News 12 took a deeper look at how the Bronx and Brooklyn are impacted in what some have coined "an accessibility desert" in the city subway system.

A report by the city comptroller in July 2018 showed that out of 28 Bronx neighborhoods serviced by the subway system – 19 do not have access for riders with disabilities.

In Brooklyn, it’s not any better. Out of 44 neighborhoods with subway service, 26 are not accessible.

In May 2018, the MTA launched its "Fast Forward" plan. Part of the immediate goal was to make 50 more stations accessible across the city over the course of five years. The MTA told News 12 in a statement that it is “deeply committed to improving accessibility in the Bronx and every part of the city."
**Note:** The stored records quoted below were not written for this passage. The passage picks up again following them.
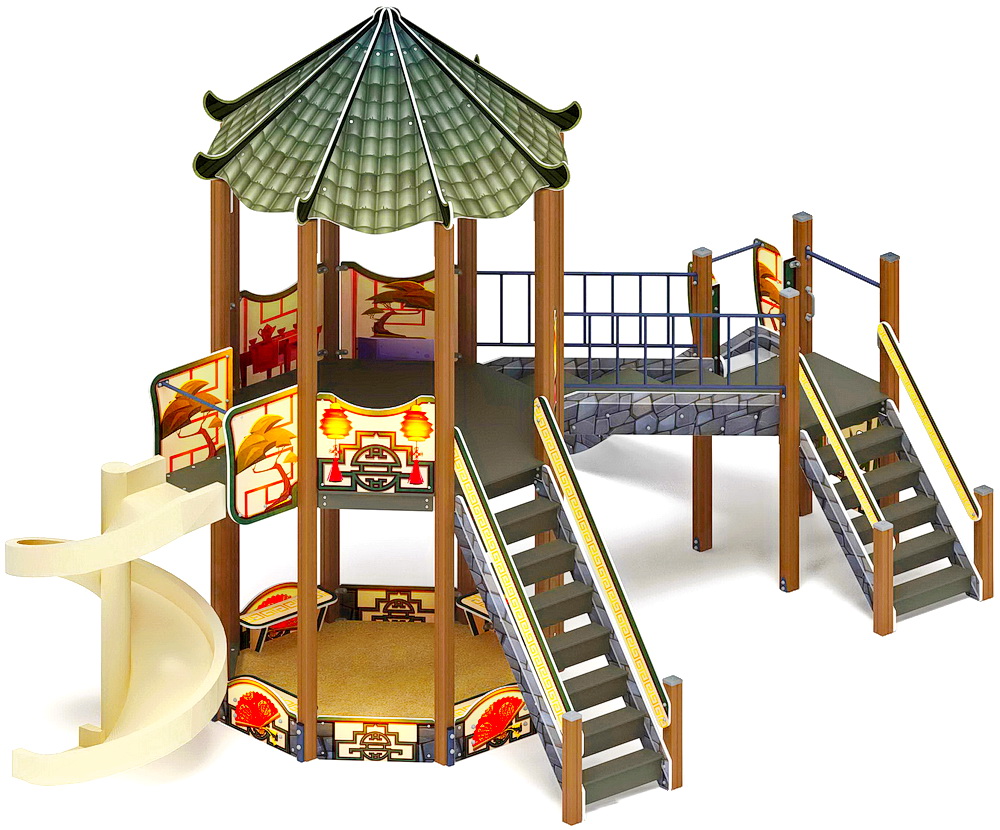 КАРНАВАЛ детский игровой комплекс ДИК 2.22.02-02 (H=2000, H=1200)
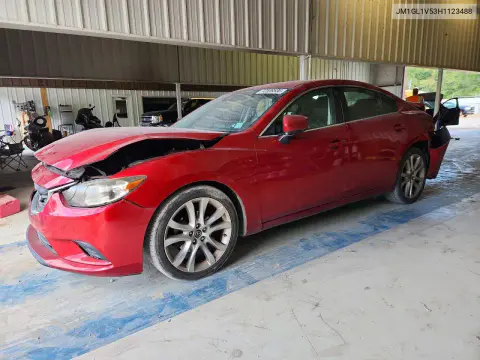 JM1GL1V53H1123488 — 2017 Mazda 6, Задняя часть, фото до ремонта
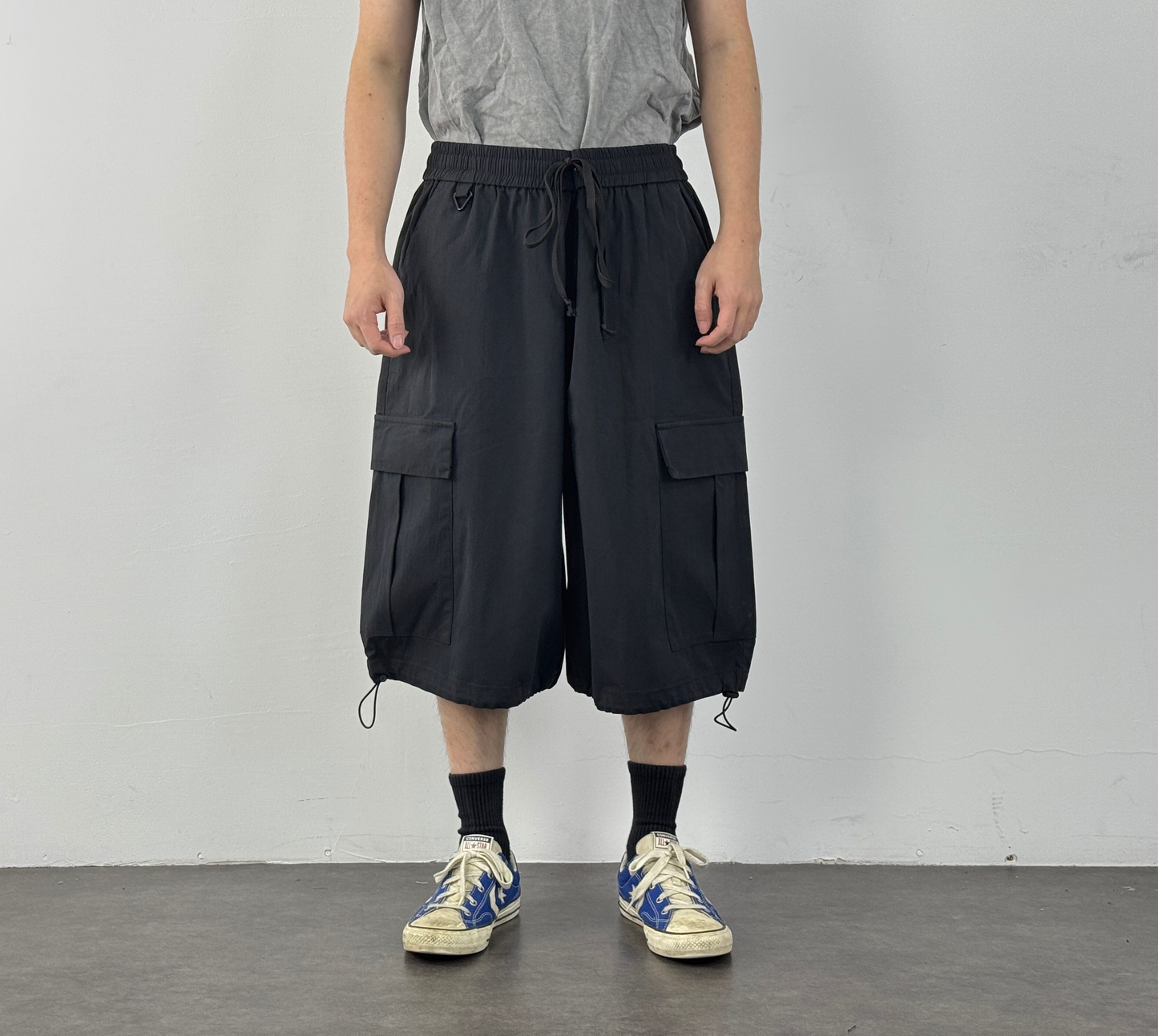 Oversized Utility Cargo Shorts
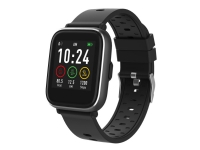 DENVER SW-161 - Svart - smartklokke med bånd - display 1.3 - Bluetooth - 148 g
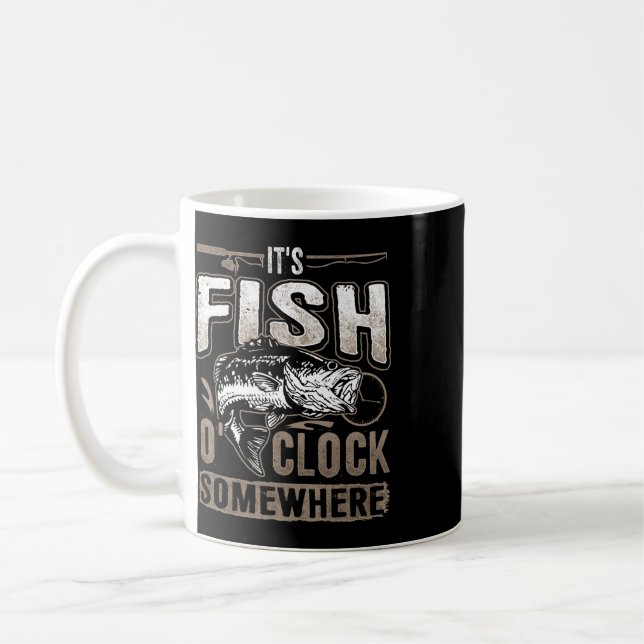 Mug C'est l'heure du poisson quelque part - Pêche drôl (Gauche)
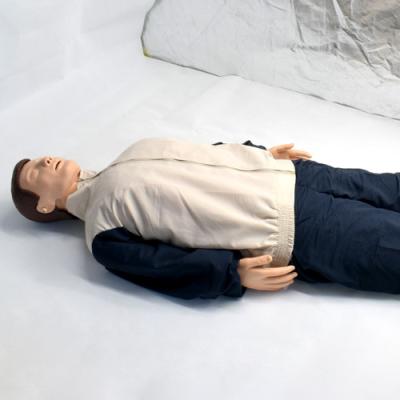 China PVC Basic Cardiac Pacing Pseudo Manikin, Full-Body CPR Model, Anatomy Full-Body Cardiopulmonary Training Manikin for sale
In the Bronx, the MTA says the following will take place:

-  Elevators will be replaced at Pelham Parkway, Pelham Bay Park and Intervale Avenue stations

-  ADA (Americans with Disabilities Act) project at the Gun Hill Road will be completed next summer, along with one on the D line at Bedford Park Boulevard

-  Two ADA projects at 149th Street – Grand Concourse and 170th Street 4 line. The designs were just completed

In Brooklyn, the designs have been finished for Eastern Parkway that contains the 2 & 3 line as well as the G line at the Greenpoint Avenue station to make them both ADA-compliant.

News 12 Investigates: Part 1 - Inaccessible subway platforms make tough trips for New Yorkers with disabilities 

However, Susan Dooha, the president of the Center for Independence of Disabled of New York, says there is nothing binding on the MTA that “requires them to follow through with the Fast Forward plan.”

The CIDNY is one of multiple organizations and people listed on a class-action lawsuit against the MTA.

“It is a promise but unless there is a binding agreement, a timetable, transparency, monitoring – we don't really feel comfortable that we have a true, secure plan to remove barriers to transportation and employment to people with disabilities.”

There is currently a federal and state lawsuit on the issue. In federal court, the lawsuit challenges the MTA on existing service issues on elevators currently in place.

Dooha says the MTA has until July 3 to answer to all the charges made in the complaint.

“We understand it can take a number of years but we expect steady progress,” says Dooha.

The MTA told News 12 that it could not comment on pending litigation. But newly appointed MTA board member Sarah Feinberg said it has a “long way to go.”